My oldest sister is a physical therapy assistant and I was telling her about it.  She said, "That is a puzzler!"  Then something came to me!  I told her.."Wait.  I have been wearing everything but my sneakers for a while...bought myself some leather shoes...a few pairs...and been wearing those instead of the sneakers.  Thursday I put on my sneakers for some reason when I went to the store.  And my tendon started hurting.  THEN I put the sneakers on while I was working in the kitchen and it got worse!  O M G!  It is my sneakers!"  I had worn nothing but those sneakers for a long time..when I went to work, everywhere I went, just about...then I decided to get some real 'grown up' shoes and quit wearing those. 
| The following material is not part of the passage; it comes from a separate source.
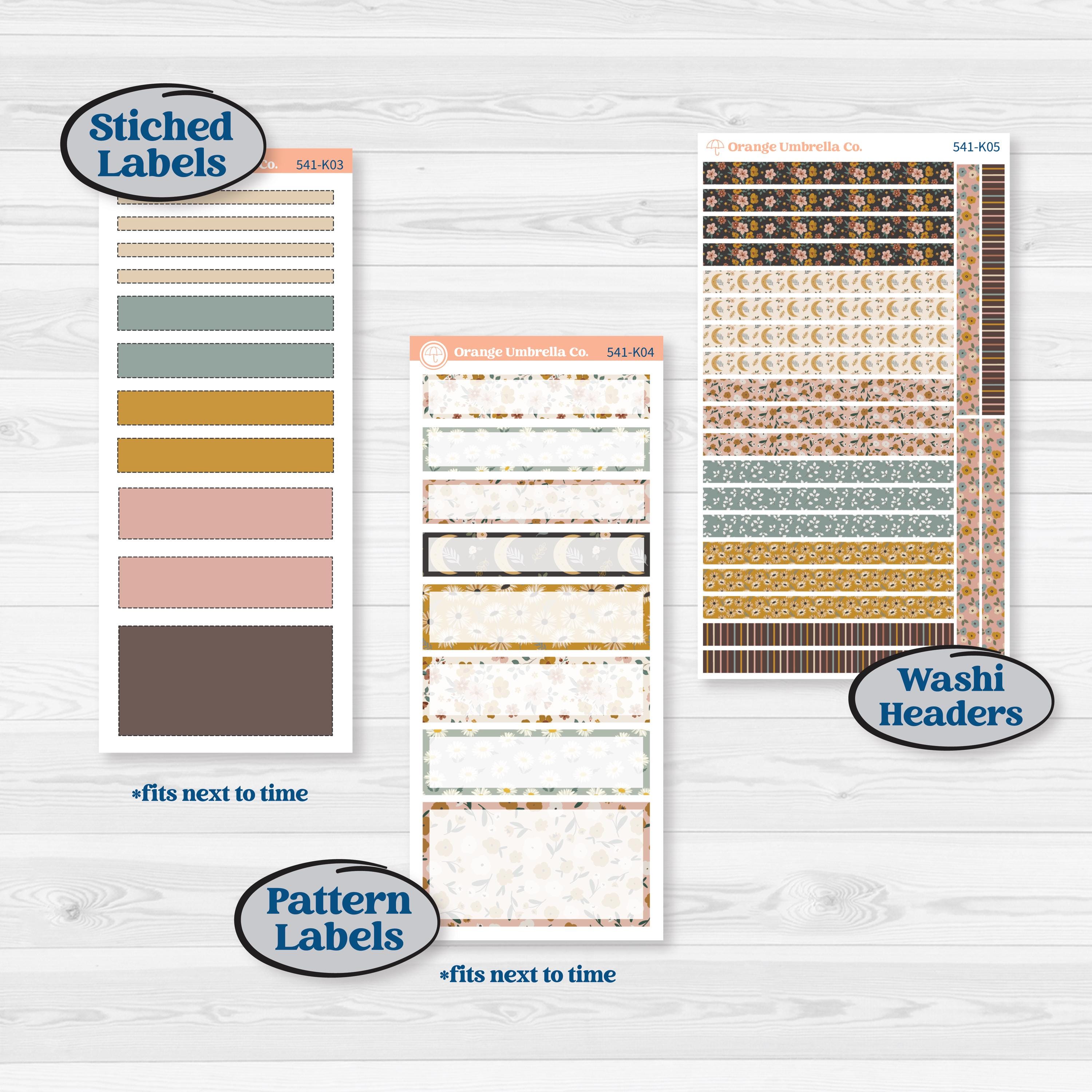 Boho Floral Planner Kit | 7x9 Erin Condren Daily Duo Planner Kit Stickers | Living Is Easy | KIT-541-K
I like having the sneakers to wear for working out on the gazelle and other equipment.  And every time I am done with my work out, that tendon hurts.  I just thought I wasn't stretching it enough before hand.  Now I know...need a new pair of sneakers. 

Speaking of working out...Troy sent the kids a new picture of himself, via text, wearing a new Cleveland Browns jersey he bought himself.  His face is thinner and his double chin is just about all gone...his hair is longer and all gray.  Not sure why he quit coloring it...you'd think he would if he wants to attract a female but I guess since he has a good paying job the hair color doesn't matter.  But, I am now mentally using his weight loss as my own personal motivator.  I have to have something to motivate me more. 

Ironically, my hair is longer too...and I haven't colored it in months.  It is slowly turning white.  My daughter and TJ's fiancée both pronounced it as becoming a 'pretty white' instead of nasty gray.  I am not sure if I am going to continue to let it go and become white.  I have a box of color ready and waiting incase I decide I don't like looking at it in the mirror.  But, for right now...it is what it is.  I am 54 and why should I care anymore?